When data is written into the disk, the storage node sequentially inserts a fingerprint and a logical address of the data block into an inverse mapping table through asynchronous writing. The inverse mapping table is a fingerprint metadata management structure introduced in this application. For data with different update frequency, the storage node performs effective management by separately constructing data structures of LSM trees. The structures can trigger deduplication through table merging.

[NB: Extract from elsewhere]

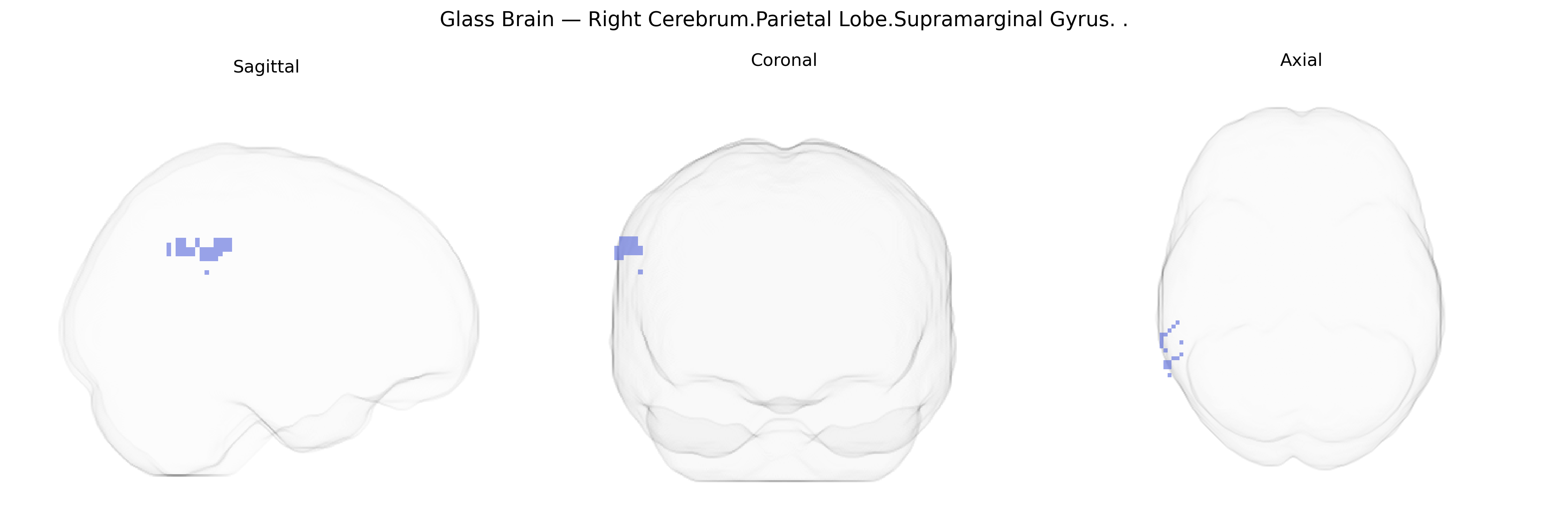Triplanar Ghost Brain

After completing deduplication, the deduplication service process of the storage node sends metadata existing after deduplication in the inverse mapping table to the fingerprint table, and correspondingly updates physical address information of deduplicated data in the forward mapping table (namely, a LUN address mapping table) to a fingerprint.

Next, referring to a schematic flowchart of applying a data deduplication method to a storage system having a global cache shown in FIG. 13, an upper layer of the global cache has a write cache and a read cache. The write cache may be used for hotness statistics collection of an LBA, and no additional statistics collection module needs to be designed for hotness statistics collection.

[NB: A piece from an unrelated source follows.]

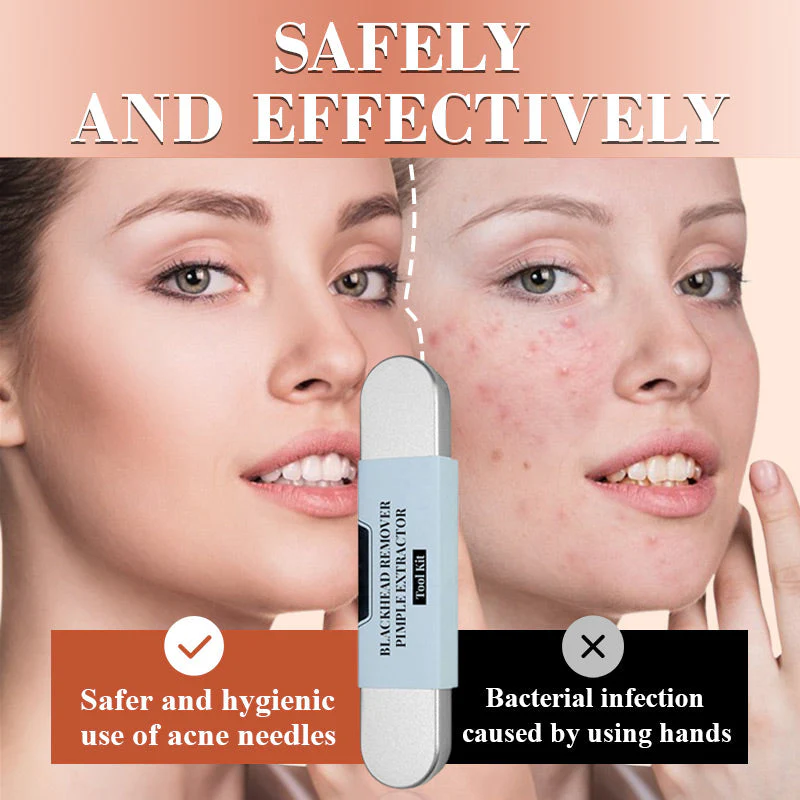 💓HOT SALE 50% OFF💥Stainless Steel Blackhead Remover Tool Kit - Image 2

As shown in FIG. 13, a client may send a write request by using a network, the write request reaches the write cache through a server adaptation layer of the global cache, and a deduplication service process may divide data in the write request into blocks, and then calculate a fingerprint of each data block. Then the deduplication service process performs a query in a fingerprint table. If a fingerprint of a data block is hit in the fingerprint table, it indicates that a storage device stores a data block having a same fingerprint, and the deduplication service process may directly return a write response. If a fingerprint of a data block is not hit in the fingerprint table, it indicates that a storage device does not store a data block having a same fingerprint, and the deduplication service process may write the data block into the storage device such as a hard disk, and then return a write response.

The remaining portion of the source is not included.